*Work task:* Return, with both end lines included, exactly what the data below holds from the line with "טצ'ב First Hotel מראה חיצוני תמונה" through the line with "Ufficio in affitto", though not the pictures.

*Data for this task:*
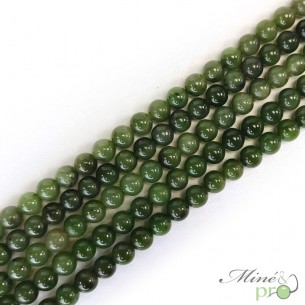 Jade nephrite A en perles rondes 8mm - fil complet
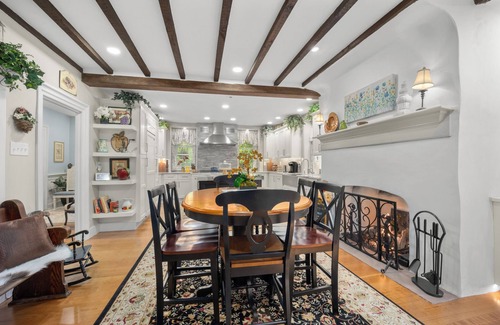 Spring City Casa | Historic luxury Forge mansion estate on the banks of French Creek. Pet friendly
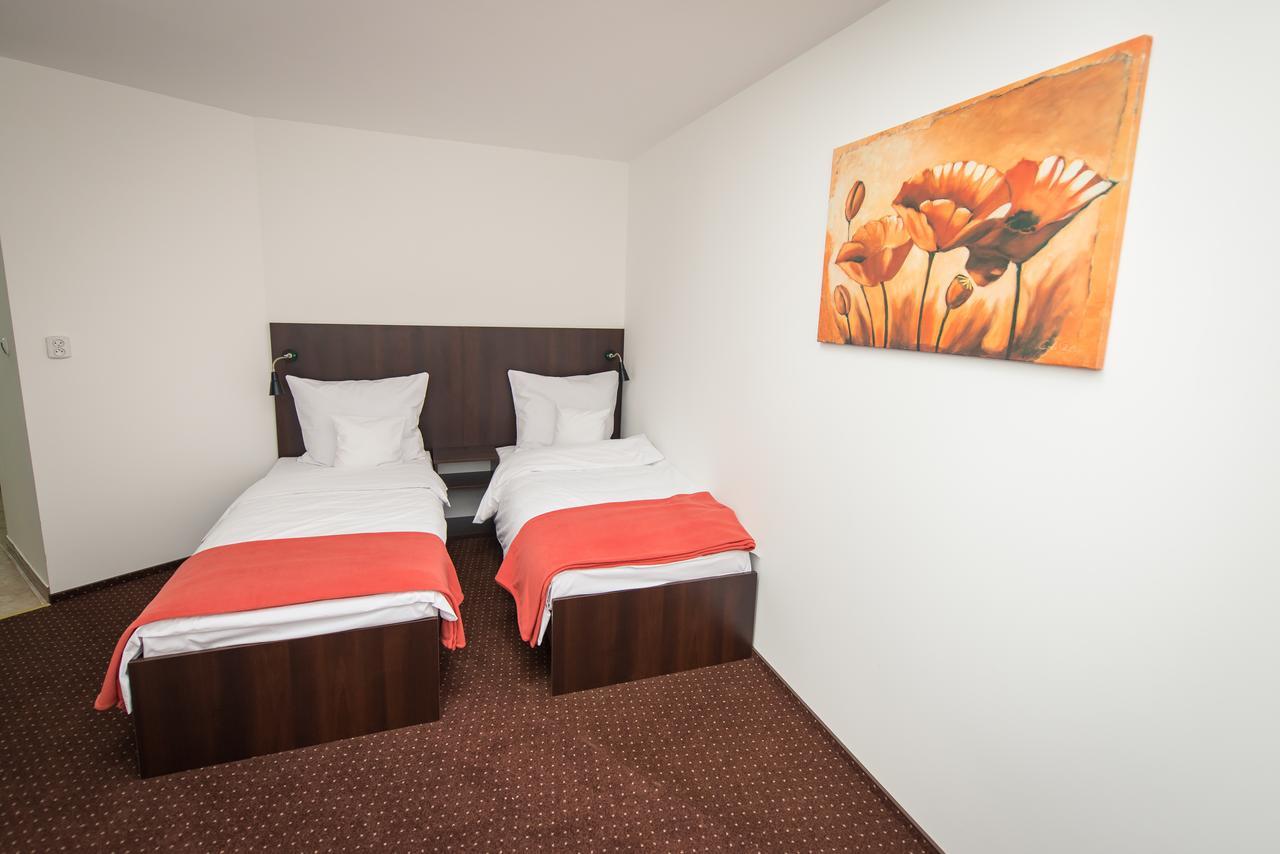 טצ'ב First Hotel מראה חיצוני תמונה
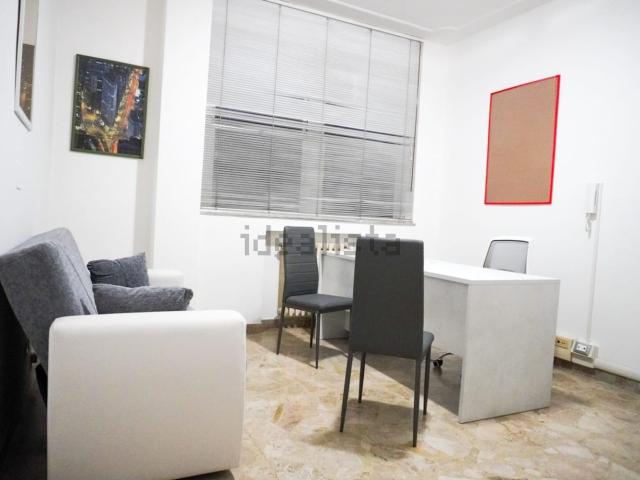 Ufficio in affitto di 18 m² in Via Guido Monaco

* * *

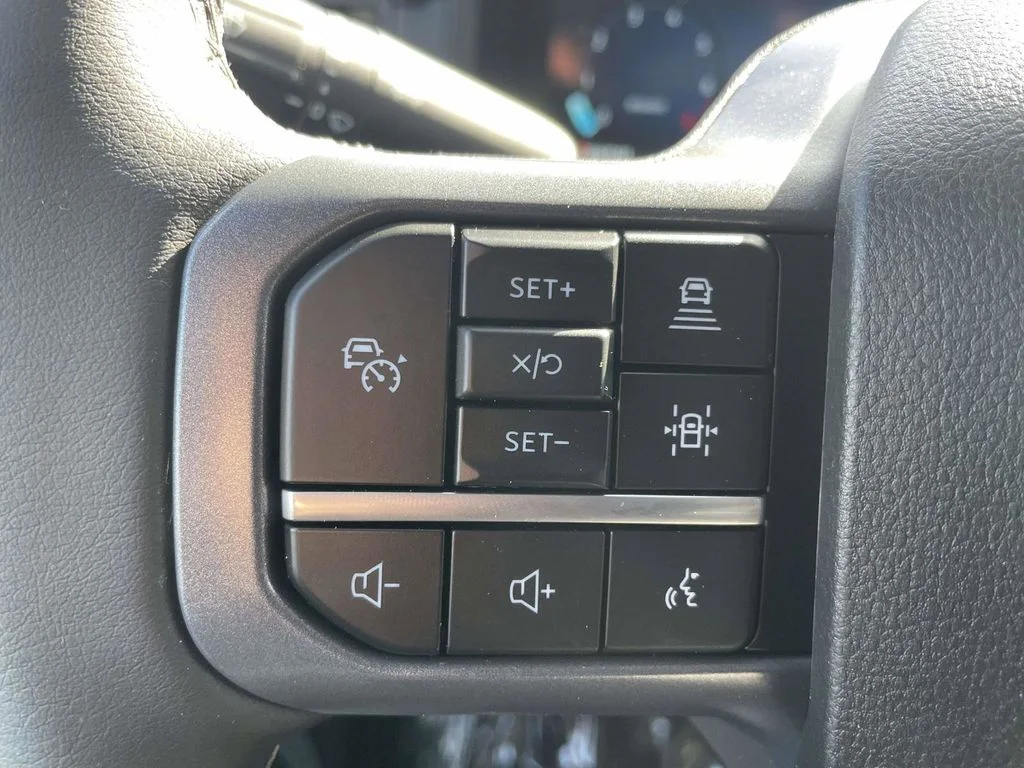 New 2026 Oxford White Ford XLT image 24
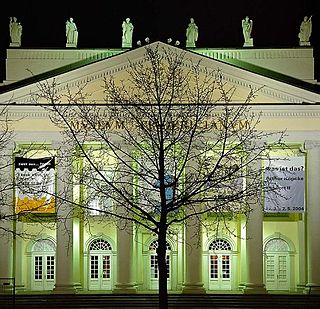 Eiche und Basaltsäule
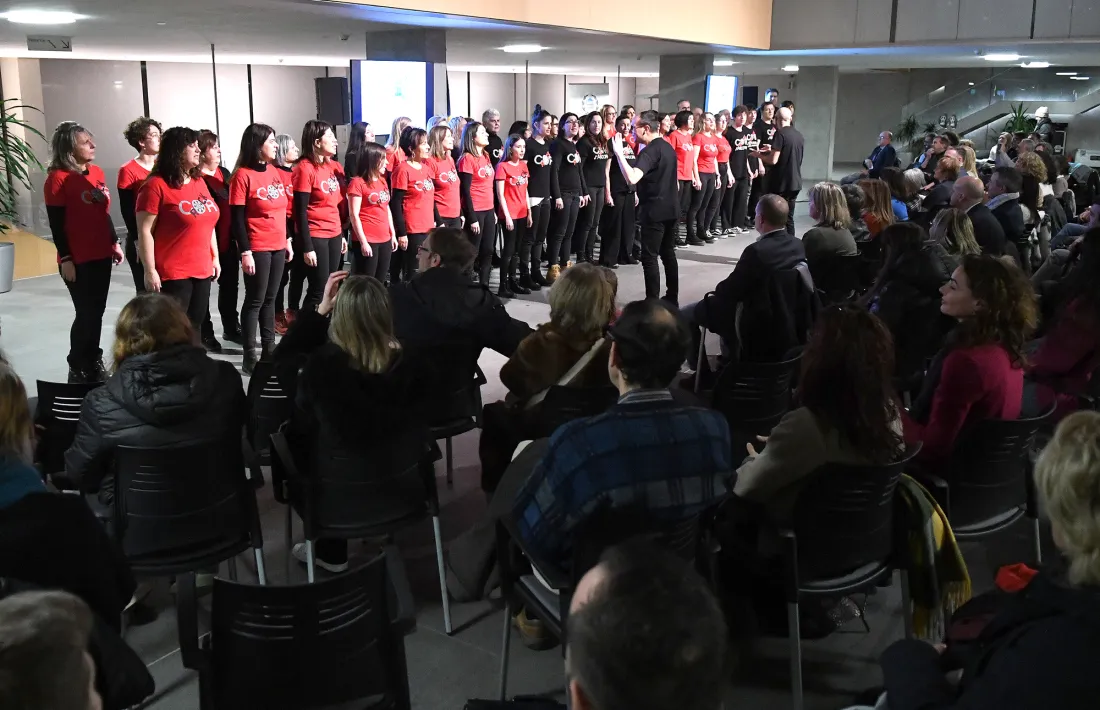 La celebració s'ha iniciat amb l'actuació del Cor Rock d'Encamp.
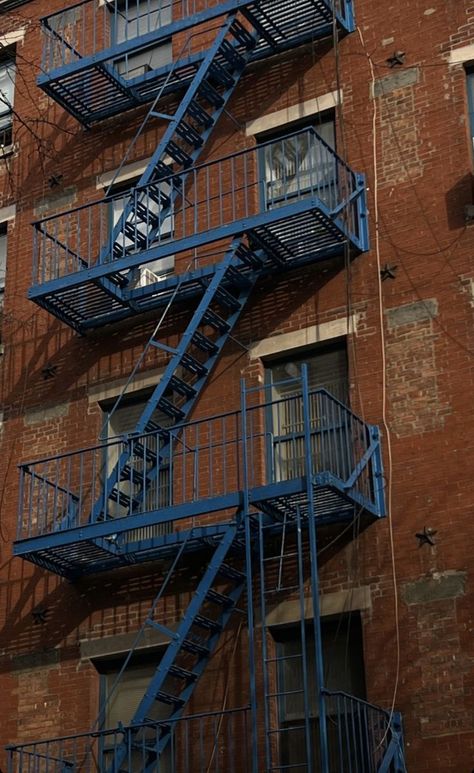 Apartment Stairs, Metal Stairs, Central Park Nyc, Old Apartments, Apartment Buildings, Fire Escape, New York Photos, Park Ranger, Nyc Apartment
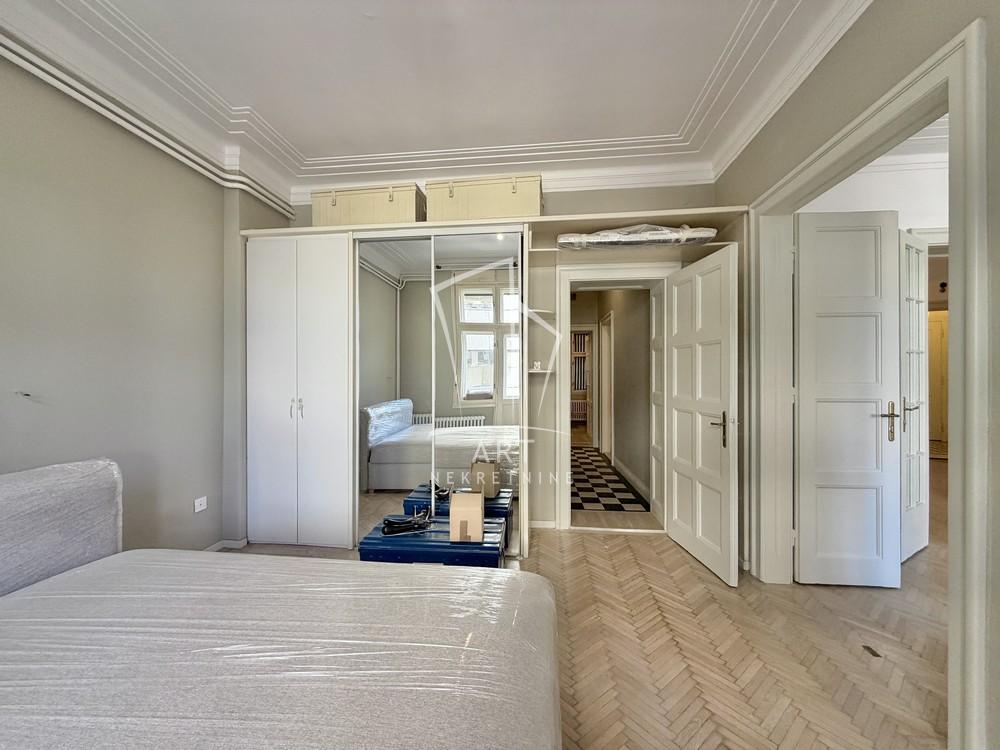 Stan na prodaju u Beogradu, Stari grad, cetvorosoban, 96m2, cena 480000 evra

*Your response:*
 טצ'ב First Hotel מראה חיצוני תמונה
 Ufficio in affitto di 18 m² in Via Guido Monaco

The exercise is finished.